Mobil sang Ayah berhenti di sebuah Tpu di dekat rumahnya. Gadis kecil itu mengernyitkan keningnya bingung, kesadarannya hampir sempurna akan tetapi itu pun pasti beberapa jam saja setelah itu gadis itu akan kembali lagi seperti orang gila.

"Mau ke mana, Yah?" tanya gadis kecil pada laki-laki yang ada di sampingnya, kemudian sang Ayah menarik pergelangan tangan sang anak dan membawanya masuk ke dalam.

"Sayang jangan sedihnya Bi udah tenang di alam sana," ucap sang papah seraya mengelus rambut panjang anaknya.

"Bi ninggalin Cha, Yah?" tanya gadis kecil itu seraya berjalan mendekat ke gundukan tanah yang sedikit basah dan di situ tertulis nama sahabatnya.

Laki-laki itu mengangguk. "Sayang Ayah tinggal dulu, kalau kamu mau ngomong sama Bi untuk terakhir kalinya," ucap sang Ayah seraya meninggalkan gadis itu disamping makam Bi sahabatnya.

"Bi kok ninggalin Cha sendiri, Cha takut apalagi tadi Ayah bilang mau punya Mamah baru sama Adek baru.

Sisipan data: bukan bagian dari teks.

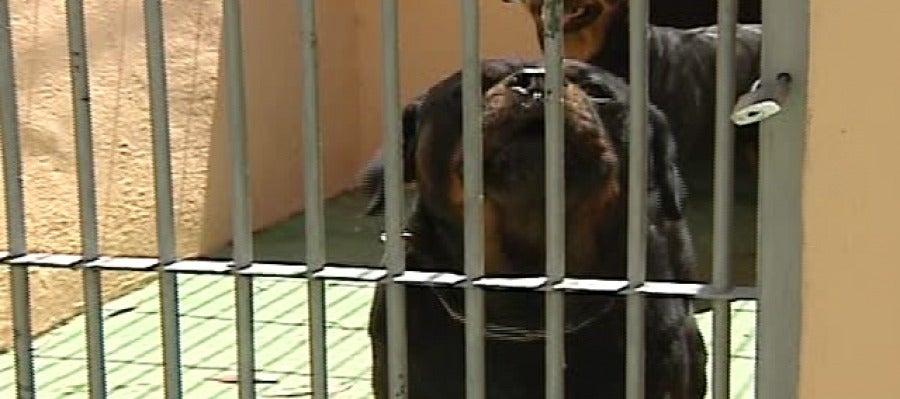Dos perros de raza peligrosa hieren gravemente a un niño en Boadilla del Monte Dos perros de raza peligrosa hieren gravemente a un niño en Boadilla del Monte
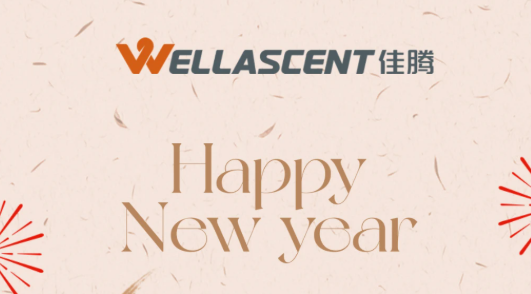 喜迎新岁，万象更新！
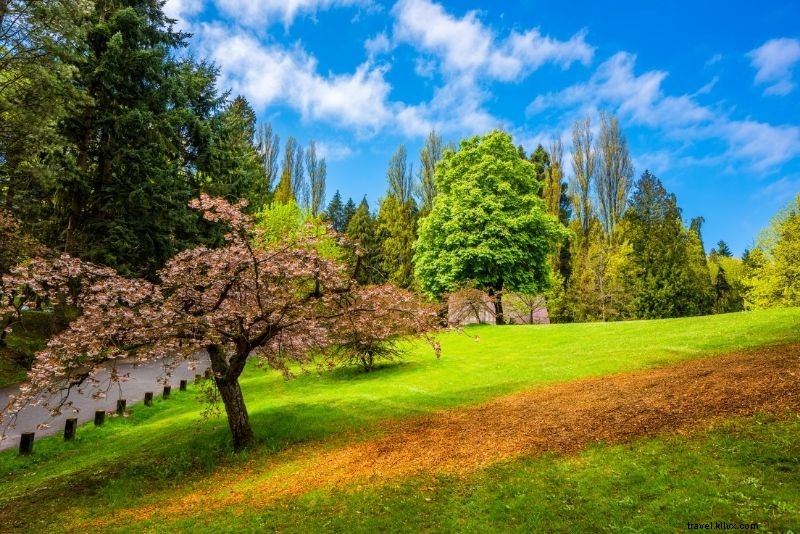 シアトルで楽しむべき71のユニークな体験(ワシントン州)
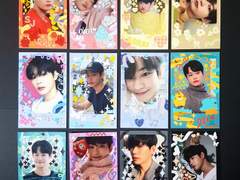 세진 폴꾸 판매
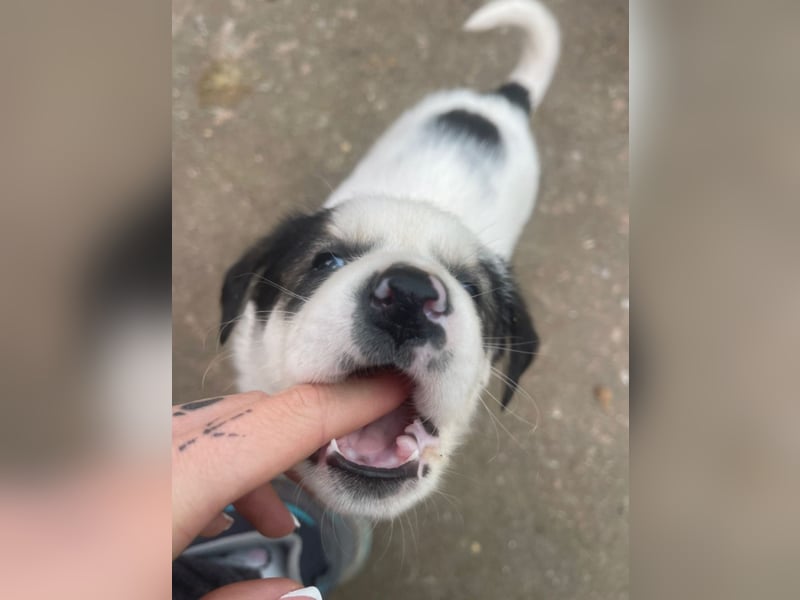 Wer verliebt sich in die süße Stella?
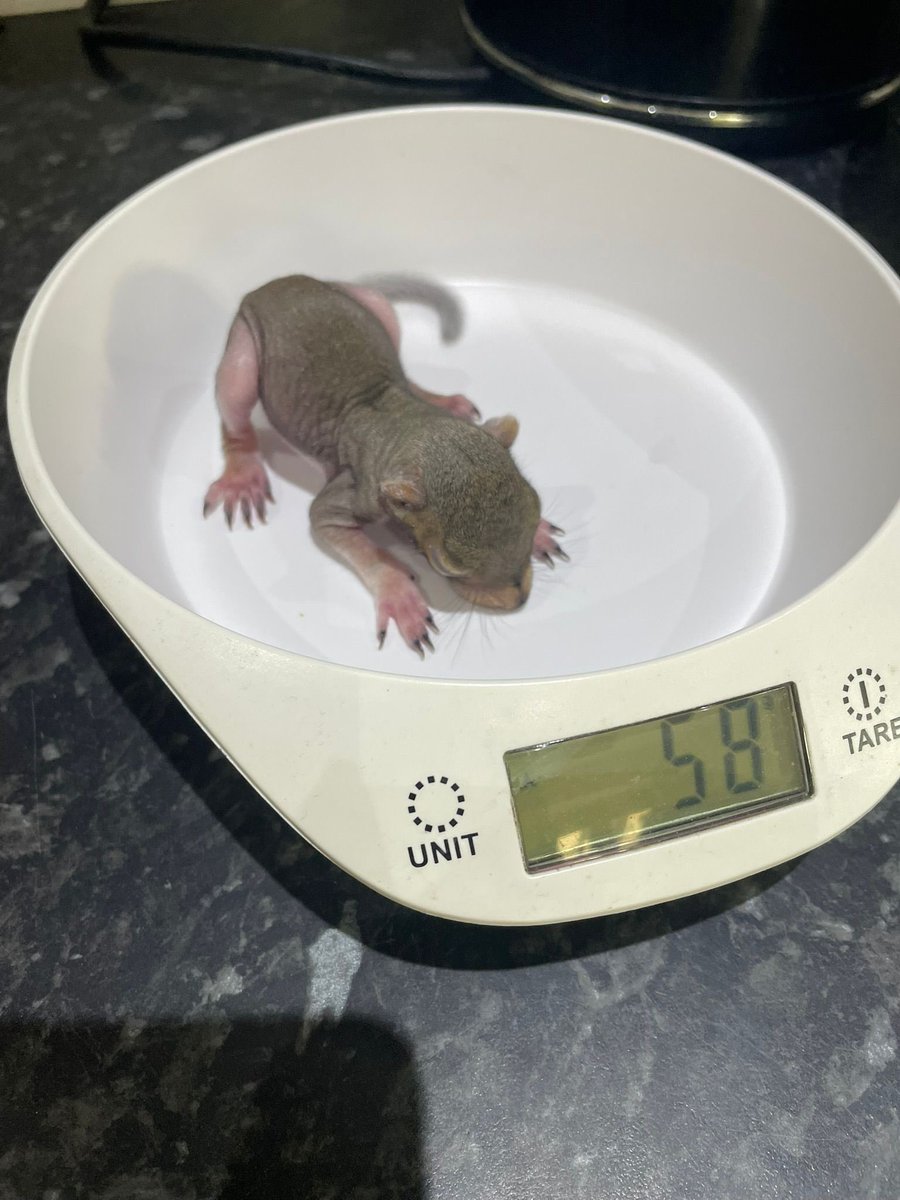AllumPaul's tweet image. Pippin has been with us 3 weeks today doing very well 🩶🐿️🐿️🐿️🐿️ hitchinsquirrelrescue.co.uk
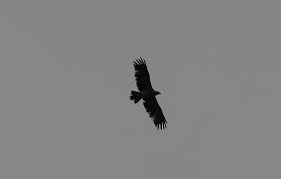 Imperial Eagle (Aquila heliaca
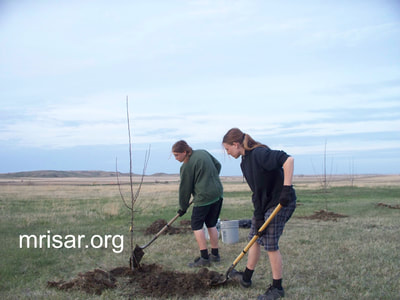 Seen here are MRISAR R&D Team members Aurora and Autumn Siegel planting apple trees shortly after relocating here. During the first 3 years after relocating, MRISAR’s Team hand-planted over 4,000 edible and medicinal trees and shrubs on the 10 acre grounds at our North Dakota Complex.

Cha gak mau, Cha gak suka, Bi. Bi sakitnya jadi ninggalin Acha sendiri di sini. Cha mau ikut, mau sama Bi. Cha, janji jaga kelinci sama gelang dari Bi. Tapi Cha kecewa sama Bi, Bi udah janji sama Cha gak akan pernah ningalin Cha sendiri tapi sekarang? Apa. Kalau  udah besar Cha mau sering ke sini main seminggu sekali kalau bisa, mau nyanyiin buat Bi, ngasih coklat buat Bi nanti Bi tunggu yah? saat umur Cha udah 17, kalau udah besar Cha pasti bawa seseorang nanti kenalin sama Bi tapi Bi harus baiknya sama dia. Jangan nakal, Bi janji ya. Cha sayang banget sama Bi ... Hiks," Gadis itu menangis seraya memeluk gundukan tanah yang masih basah dan sedikit bunga-bunga yang sudah layu berarti sahabatnya baru saja meninggalkan dirinya seorang diri.